Wunderlich's is a much more optimistic view of the future than that of your writer. The economy here, while it is less green than we would like, is thriving, and social and cultural life is vibrant. The towns outside of metropolitan areas are being repopulated as suburbs and exurbs, and people talk of public transit and research corridors, of Higher Education as economic engine, and of the largest contiguous acreage in the country devoted to organic farming, even as production agriculture continues to place North Dakota among the top ten states in crop production in everything from honey to wheat, dry beans and peas, soybeans and oilseeds.

North Dakota's economy, though, is incredibly diverse, with energy, light industry and the service economy far outweighing the agricultural economy in impact. From RFID research and production to R and D and outside sales for Microsoft, the place is alive.

With a November 2007 unemployment rate of 2.5%, and an enviable record in educational attainment of its people, it is a place much different than you or your writer can imagine.

You might come out to visit sometime. You would be surprised and maybe a little ashamed of the article you just published.

Ann Wendel
Dec 17, 2007 2PM #

North Dakota – “a giant skeleton of abandoned human desire.” Charles Bowman is right about North Dakota – sort of. Living here, we know the sadness of endings, the changing loyalties that follow in small town life, the people and places lost to time. He is also wrong about it. We also know the solace of places long remembered, of farms and villages and friends. When modern celebrities embraced the old idea that “It takes a village to raise a child,” North Dakotans understood. We had been those children; we were that village.
In her book, Dakota, a Spiritual Geography, Kathleen Norris says of the modern American capitalist’s viewpoint, “ … the market is everything. Since there is no market here, nothing that counts demographically, we don't exist.” I recommend Mr. Bowman read that book. It may help him realize that we do still exist. His narrative matches the article’s lovely, haunting pictures, and we all know those “thousand word” pictures can distort the truth. Three of the four villages he mentions are not recently become ghost towns – he is reporting rather old history here. It is dangerous and damaging to marginalize what is simply different from the norm. We are still here, we are still small, we expect always to be so. There are quieter, subtler things to be learned here, to be appreciated here. We are not merely surviving to die another day.
We invite you to come to North Dakota, to stay if you have the “right stuff”, and to enjoy what Ms. Norris called “the emptiness full of small things.” You may find the weather difficult at times, but you will also find a resulting patience in the people, a peacefulness in the prairie’s empty fullness.

Becky Salberg
Dec 17, 2007 2PM #

What is missing from your story, Mr. Bowden? Perhaps when you were in North Dakota you failed to notice
the towns nearby these “long ago” towns that are thriving and growing?
Perhaps you missed the fact that those of us who choose to stay here are
earning more than “adequate” livings without the metropolitan
drawbacks….traffic, noise, crime, etc. We can even drive a few miles to
one of our “metropolitan” areas (yes, we do have them), and enjoy the arts,
upscale restaurants….everything you can find in the over-populated areas
you seem to admire. I believe if you choose to do so, you can draw the
same dismal conclusion in any setting and I would suggest that you can go
to any state and find the same scenario being played out….one community
declining while another is thriving. However, your article does seem to
leave one with the impression that nothing is thriving in North Dakota.

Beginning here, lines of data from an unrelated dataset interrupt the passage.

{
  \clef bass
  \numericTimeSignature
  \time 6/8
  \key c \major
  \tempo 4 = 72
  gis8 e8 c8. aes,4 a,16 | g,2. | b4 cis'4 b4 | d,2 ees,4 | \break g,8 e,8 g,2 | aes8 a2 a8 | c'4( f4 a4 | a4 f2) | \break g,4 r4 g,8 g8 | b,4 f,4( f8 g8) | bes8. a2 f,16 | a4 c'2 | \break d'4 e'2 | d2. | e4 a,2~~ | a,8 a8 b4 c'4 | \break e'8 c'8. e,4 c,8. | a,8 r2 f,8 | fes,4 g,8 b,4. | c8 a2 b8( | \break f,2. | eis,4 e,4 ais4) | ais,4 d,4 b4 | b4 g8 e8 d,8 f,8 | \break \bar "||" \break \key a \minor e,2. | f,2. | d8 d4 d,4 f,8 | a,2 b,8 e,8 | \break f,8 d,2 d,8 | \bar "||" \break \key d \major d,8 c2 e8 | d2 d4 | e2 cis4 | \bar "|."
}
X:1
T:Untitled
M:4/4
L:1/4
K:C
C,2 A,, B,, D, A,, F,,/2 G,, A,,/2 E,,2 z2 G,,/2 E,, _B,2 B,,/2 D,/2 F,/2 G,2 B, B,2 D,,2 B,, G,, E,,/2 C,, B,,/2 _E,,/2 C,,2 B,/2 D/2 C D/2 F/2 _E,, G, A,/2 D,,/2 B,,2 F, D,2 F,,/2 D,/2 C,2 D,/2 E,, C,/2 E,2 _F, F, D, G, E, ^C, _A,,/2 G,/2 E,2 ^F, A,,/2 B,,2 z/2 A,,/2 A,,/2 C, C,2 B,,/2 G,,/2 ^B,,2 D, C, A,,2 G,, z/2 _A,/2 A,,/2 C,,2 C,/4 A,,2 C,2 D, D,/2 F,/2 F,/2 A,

I would also suggest that you visit North Dakota again. This time with
your dark glasses removed and try to appreciate what we have to offer……
solid employment opportunities; outstanding educational systems; clean air;
productive, fertile land; friendly, caring people. Maybe even walk through
a different type of house in a thriving small town this time, where nothing
is left decaying from the past, but rather is cluttered with the
future…….children playing, adults going off to work each day, friends
gathering. Maybe this time you will see the “My Shower” book displayed on
the coffee table, or the “Book of Knowledge” website open on the computer.
Or maybe you will look out the window of this home at the new construction
going on across the street or the coffee kiosk on the corner.

Send Mr. Bowden back, NG, to write about the great things all of you missed
the first time.

Kristy Rose
Dec 17, 2007 2PM #

Thank you, Mr. Bowden for your negative depiction of our beloved North Dakota. We would like to keep ND as America's best kept secret and your drivel will help us do just that.

It's unfortunate that you did not offer two sides to the story. You failed to mention that our schools are ranked higher than more populated states, that we're in the top 10 of states with the least number of suicides and cases of depression, that we have a budget surplus California would kill (literally I imagine) to have and that people flock to our proud state for some of the world's best hunting and fishing. You also failed to mention that we are some of the nicest people you'll ever meet, you can still leave your car and home unlocked, and our kids are safe playing outside. And you missed one glaring thing that sets our state apart from the "progressive" states: Dakotans are proud of their heritage. We don't water it down with political correctness and we still celebrate Christmas.

But you're right, Mr. Bowden. This is just a cemetary for dead dreams and dying hope. Keep telling people that. We'd like to keep our state free of traffic and crime.

Dakota Kid
Dec 17, 2007 2PM #

Had your North Dakota story not mentioned what state you were talking about, I never would have guessed it was North Dakota. Your depiction certainly doesn't describe the state that I've called home for 44 years.

I travel extensively (45 states and counting) and the more places I visit, the more I confirm that I live in N.D. by choice and feel incredibly fortunate for what we have.

I can only guess that doom & gloom sells magazines better than good news.

Mark Olson
Dec 17, 2007 2PM #

Dear National Geo,

My, my, my...Charles Bowden is a gifted writer.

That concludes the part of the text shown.